In the preferred embodiment, a database of over 80,000 frames of speech and music signals was used to generate the data shown in FIG. 6 based on the dataset's probability density function. While this data is statistically optimal over the various fundamental frequency values from the training set, it is interesting to note that the distribution more closely reflects the properties of the human auditory system. That is, psychoacoustics principles reveal that the critical bands of hearing are uniform in frequency below 500 Hz; in the prior art open-loop lag estimator shown in FIG. 2, the distribution of quantization range is uniform over pitch period, which is inversely proportional to frequency. Thus, for a given fundamental frequency range of say 66 to 400 Hz, the psychoacoustically optimal distribution for a 7 bit quantizer would consist of a uniform frequency distribution spaced at 2.6 Hz intervals. The table shown in FIG. 6 yields relatively constant spacing through about 250 Hz (τ=32), but then sharply increases to about 20 Hz at the end frequency of about 400 Hz (τ≈20). This decrease in resolution is due to the diminished probability of encountering very high frequency talkers. So, the present invention facilitates the combination of both statistically and psychoacoustically joint optimal datasets by allowing arbitrary quantization levels for the fundamental frequencies. This is not readily achievable in the prior art.

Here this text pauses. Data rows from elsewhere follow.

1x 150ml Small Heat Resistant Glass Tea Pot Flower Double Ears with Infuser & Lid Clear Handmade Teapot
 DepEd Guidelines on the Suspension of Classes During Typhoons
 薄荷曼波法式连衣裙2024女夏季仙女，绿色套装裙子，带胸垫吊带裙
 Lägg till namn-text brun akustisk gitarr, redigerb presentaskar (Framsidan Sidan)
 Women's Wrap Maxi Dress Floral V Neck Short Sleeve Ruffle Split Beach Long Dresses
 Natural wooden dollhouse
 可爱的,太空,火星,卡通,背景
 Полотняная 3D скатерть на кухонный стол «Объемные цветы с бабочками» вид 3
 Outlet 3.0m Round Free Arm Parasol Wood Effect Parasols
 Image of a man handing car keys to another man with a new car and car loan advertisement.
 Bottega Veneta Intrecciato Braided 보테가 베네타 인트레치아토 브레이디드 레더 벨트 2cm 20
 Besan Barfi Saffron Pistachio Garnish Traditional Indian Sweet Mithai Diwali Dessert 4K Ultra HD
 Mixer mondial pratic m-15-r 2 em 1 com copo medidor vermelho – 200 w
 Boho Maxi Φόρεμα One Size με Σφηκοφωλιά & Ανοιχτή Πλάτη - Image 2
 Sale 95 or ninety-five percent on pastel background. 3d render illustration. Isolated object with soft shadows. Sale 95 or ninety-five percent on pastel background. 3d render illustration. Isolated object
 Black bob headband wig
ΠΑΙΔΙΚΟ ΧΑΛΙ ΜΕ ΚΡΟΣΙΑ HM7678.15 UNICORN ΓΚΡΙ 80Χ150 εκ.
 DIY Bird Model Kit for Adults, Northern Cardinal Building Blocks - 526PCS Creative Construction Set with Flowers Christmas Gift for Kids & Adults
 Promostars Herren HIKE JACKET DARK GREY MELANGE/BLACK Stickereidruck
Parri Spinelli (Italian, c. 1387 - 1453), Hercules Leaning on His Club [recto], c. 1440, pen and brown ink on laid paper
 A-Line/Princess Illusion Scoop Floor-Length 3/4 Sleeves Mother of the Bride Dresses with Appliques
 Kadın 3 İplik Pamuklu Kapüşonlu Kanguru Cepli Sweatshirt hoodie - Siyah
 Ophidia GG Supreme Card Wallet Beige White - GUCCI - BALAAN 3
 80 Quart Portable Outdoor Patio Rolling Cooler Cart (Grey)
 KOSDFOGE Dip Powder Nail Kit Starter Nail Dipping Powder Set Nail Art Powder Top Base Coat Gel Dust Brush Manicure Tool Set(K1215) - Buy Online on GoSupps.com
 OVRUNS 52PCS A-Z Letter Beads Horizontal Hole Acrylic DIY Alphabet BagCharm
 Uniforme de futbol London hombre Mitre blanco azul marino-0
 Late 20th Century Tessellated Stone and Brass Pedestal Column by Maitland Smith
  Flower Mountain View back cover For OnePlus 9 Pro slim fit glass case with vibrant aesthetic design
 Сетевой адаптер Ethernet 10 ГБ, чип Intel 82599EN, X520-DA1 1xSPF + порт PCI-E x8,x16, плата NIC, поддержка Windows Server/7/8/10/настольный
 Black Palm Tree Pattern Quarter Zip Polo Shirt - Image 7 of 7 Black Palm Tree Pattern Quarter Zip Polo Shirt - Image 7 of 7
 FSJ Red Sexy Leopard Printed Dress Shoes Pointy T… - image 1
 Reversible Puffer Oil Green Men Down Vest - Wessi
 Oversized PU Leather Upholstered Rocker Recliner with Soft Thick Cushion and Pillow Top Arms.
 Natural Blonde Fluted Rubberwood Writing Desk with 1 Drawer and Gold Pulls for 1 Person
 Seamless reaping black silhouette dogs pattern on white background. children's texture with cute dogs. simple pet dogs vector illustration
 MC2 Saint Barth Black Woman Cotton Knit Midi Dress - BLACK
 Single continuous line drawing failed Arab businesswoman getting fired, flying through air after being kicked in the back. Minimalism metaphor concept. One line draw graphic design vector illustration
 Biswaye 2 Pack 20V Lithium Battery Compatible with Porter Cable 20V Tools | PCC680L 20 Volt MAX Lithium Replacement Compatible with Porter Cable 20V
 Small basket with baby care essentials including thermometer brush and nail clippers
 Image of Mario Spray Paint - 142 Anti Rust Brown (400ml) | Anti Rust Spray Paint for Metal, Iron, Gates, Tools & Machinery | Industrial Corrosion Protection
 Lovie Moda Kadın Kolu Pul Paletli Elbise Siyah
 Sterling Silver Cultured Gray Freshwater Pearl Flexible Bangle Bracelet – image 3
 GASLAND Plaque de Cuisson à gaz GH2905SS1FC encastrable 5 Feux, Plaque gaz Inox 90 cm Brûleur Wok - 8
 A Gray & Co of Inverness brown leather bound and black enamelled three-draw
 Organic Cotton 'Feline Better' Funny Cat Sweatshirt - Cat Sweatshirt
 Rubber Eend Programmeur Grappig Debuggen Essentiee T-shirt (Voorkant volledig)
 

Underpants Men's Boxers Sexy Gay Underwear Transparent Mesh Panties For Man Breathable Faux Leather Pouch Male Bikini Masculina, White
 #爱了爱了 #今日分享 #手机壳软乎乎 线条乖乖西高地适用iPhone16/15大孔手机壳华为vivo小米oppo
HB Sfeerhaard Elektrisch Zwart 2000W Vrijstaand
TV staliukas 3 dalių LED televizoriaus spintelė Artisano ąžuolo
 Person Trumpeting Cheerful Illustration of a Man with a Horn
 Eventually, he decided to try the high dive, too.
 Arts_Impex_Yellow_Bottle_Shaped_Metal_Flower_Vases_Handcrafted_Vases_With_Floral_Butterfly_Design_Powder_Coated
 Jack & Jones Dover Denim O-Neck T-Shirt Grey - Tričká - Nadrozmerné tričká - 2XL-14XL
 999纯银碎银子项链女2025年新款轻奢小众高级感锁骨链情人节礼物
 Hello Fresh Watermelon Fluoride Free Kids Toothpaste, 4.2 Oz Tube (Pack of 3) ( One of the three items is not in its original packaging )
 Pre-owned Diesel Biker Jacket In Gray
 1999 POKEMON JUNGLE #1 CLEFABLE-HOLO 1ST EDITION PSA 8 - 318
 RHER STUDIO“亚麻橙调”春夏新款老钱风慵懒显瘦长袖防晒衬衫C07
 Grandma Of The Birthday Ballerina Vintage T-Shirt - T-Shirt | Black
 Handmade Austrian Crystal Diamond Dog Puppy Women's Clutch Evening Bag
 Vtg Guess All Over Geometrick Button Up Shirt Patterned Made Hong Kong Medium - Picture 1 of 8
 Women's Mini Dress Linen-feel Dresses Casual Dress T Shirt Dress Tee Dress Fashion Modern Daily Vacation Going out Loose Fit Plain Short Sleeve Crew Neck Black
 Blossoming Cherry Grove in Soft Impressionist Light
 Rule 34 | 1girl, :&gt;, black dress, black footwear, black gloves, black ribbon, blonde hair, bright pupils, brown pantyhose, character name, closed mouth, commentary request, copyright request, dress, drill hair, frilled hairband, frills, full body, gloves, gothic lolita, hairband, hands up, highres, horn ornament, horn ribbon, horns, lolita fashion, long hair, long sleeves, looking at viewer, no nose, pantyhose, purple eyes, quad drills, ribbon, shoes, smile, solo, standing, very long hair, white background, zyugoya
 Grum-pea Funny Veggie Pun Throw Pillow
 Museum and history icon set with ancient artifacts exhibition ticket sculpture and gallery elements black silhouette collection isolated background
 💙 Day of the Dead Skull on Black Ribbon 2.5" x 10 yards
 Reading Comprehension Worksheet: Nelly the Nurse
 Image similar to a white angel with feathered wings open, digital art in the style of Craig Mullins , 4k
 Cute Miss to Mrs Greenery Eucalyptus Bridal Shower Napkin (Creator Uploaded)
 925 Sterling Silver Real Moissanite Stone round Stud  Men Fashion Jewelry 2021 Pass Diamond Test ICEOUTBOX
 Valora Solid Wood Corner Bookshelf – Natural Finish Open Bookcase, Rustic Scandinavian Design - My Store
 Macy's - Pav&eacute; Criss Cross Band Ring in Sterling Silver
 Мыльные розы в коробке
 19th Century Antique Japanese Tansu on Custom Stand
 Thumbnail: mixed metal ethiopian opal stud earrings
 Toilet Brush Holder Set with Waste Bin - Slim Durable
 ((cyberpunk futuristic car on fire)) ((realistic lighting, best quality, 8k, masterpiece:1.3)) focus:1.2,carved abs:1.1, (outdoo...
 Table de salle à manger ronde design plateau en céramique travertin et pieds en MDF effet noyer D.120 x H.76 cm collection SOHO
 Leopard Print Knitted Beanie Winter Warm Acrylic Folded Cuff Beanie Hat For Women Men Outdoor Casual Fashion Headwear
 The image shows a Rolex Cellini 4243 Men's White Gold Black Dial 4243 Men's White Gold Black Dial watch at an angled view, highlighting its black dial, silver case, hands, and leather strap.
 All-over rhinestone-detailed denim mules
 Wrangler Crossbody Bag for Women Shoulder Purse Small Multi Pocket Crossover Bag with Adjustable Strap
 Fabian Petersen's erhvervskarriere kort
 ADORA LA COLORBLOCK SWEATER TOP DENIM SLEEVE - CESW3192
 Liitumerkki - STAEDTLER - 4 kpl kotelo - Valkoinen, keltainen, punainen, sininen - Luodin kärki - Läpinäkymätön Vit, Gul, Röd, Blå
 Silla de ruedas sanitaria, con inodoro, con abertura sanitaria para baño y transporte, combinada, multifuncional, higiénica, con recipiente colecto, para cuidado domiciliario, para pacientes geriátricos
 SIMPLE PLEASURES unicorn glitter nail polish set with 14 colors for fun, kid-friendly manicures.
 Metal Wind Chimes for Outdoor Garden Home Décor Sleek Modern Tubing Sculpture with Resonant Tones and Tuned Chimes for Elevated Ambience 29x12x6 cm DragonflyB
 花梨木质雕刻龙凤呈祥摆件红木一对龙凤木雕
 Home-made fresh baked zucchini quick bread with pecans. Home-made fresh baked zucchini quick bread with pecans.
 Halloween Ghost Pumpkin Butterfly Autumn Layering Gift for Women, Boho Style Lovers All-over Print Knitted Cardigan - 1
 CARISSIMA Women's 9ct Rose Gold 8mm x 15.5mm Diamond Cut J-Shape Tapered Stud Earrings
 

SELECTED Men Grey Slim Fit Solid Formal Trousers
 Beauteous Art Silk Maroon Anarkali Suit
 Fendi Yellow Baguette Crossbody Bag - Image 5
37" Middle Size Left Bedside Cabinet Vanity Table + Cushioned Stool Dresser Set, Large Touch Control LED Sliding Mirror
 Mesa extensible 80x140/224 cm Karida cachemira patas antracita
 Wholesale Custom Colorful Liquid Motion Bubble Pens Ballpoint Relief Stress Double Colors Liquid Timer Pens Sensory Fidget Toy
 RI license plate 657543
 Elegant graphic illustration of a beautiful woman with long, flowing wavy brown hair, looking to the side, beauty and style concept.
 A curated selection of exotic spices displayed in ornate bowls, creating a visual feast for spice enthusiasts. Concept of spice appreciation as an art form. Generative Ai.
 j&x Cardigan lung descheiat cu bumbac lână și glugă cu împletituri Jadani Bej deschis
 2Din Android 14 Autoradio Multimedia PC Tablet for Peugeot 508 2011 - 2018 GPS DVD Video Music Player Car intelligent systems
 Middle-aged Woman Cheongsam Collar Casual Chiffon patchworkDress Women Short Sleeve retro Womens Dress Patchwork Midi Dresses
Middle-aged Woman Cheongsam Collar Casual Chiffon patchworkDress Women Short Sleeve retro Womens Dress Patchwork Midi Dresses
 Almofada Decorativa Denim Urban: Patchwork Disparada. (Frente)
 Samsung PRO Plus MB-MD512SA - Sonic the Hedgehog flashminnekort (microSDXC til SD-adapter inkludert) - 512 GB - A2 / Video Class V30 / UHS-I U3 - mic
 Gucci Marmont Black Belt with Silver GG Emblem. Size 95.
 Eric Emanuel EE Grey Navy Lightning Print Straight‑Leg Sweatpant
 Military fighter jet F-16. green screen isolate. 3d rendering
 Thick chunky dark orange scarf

The support for objective improvement can be observed in FIG. 7, where the lag trajectory for a short passage of strongly voiced speech is shown. While the prior art shows distinct “staircase” effects during transitional (frames 52 to 58 ) and steady state (frames 37 to 45 ) passages, the lag estimation in accordance with the invention effectively smoothes out the rough edges associated with the integer lag boundaries.
As described above, improvements to the RCELP algorithm can be evaluated objectively by measuring the accumulated shift that results from the inability of the LP residual signal ε(n) to be appropriately mapped to the estimated delay contour. Since one purpose of the preferred embodiment in accordance with the invention is to more accurately estimate the RCELP delay contour, the efficiency of the RCELP algorithm is improved since lag estimation in accordance with the invention requires less error to be tolerated by lowering the accumulated average shift factor. The improvement can be observed in FIG. 8, which was generated from a 80,000+ frame database.
Additionally, the subjective performance improvement is highly audible. Testing shows consistent preference to lag estimation in accordance with the invention during blind A/B tests, and it is estimated that the inventive method and apparatus provides 0.1 to 0.2 Mean Opinion Score (MOS) points improvement in Absolute Category Rating (ACR) tests when used with the EVRC half-rate maximum mode of operation (4.0 kbps).
While the invention has been particularly shown and described with reference to a particular embodiment, it will be understood by those skilled in the art that various changes in form and details may be made therein without departing from the spirit and scope of the invention. For example, one skilled in the art will recognize that lag estimation in accordance with the invention can additionally benefit other, more general algorithms/vocoders which require accurate open-loop estimation of the fundamental frequency of an input signal. Such algorithms/vocoders include, but are not limited to, harmonic vocoders, sinusoidal transform coders (STC), and homomorphic vocoders. In addition to cellular communication systems, other applications which may benefit include digital hearing aids, audio speech coders, voice mail systems, etc. The corresponding structures, materials, acts and equivalents of all means or step plus function elements in the claims below are intended to include any structure, material, or acts for performing the functions in combination with other claimed elements as specifically claimed.